Au temps du goulag, les prisonniers politiques classés dans la catégorie des « criminels » étaient relégués aux travaux forcés. Aujourd'hui des millions de travailleurs brutalement exploités sont relégués au statut de criminels.
L'équation du goulag « criminel = forçat » a été reformulée par le néolibéralisme en ces termes « travailleur = criminel caché ». Tout le drame de la migration globale est exprimé dans cette nouvelle formule : ceux qui travaillent sont des criminels en puissance. Lorsqu'ils sont accusés, c'est donc d'être coupables de tenter de survivre à n'importe quel prix.
Quinze millions de femmes et d'hommes mexicains travaillent aux Etats-Unis sans papiers et sont par conséquent en situation illégale. Un mur de béton de mille deux cents kilomètres et un mur « virtuel » de mille huit cents miradors sont en projet le long de la frontière séparant les Etats-Unis du Mexique. Des voies pour les contourner toutefois – toutes dangereuses – seront bien sûr trouvées.

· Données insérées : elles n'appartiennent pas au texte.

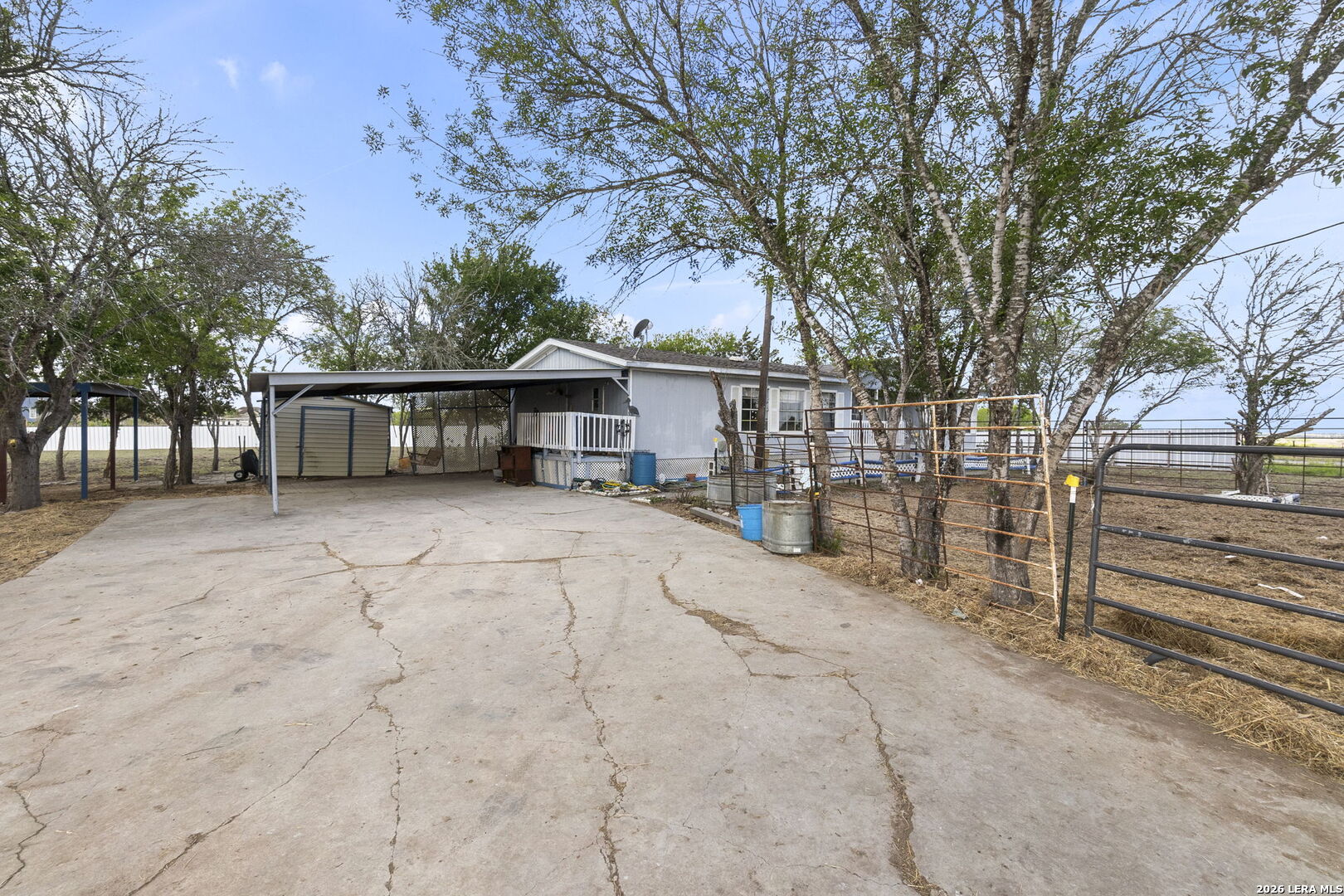 2490 Schwab Road Seguin, TX 78155 - Photo 10 of 18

Entre le capitalisme industriel qui repose sur la fabrication et les usines, et le capitalisme financier qui dépend de la libre spéculation des marchés et des « traders » de façade, la zone d'incarcération a changé. Les transactions financières spéculatives s'élèvent chaque jour à mille trois cents milliards de dollars ; cinquante fois plus que le montant total des échanges commerciaux. La prison est à présent aussi vaste que la planète. Les zones qui lui sont allouées sont variables. Et peuvent être appelées chantiers, camps de réfugiés, galeries marchandes, périphéries urbaines, ghettos, immeubles de bureaux, bidonvilles, banlieues. Ce qui est essentiel, c'est que ceux qui sont incarcérés dans ces zones sont des camarades prisonniers.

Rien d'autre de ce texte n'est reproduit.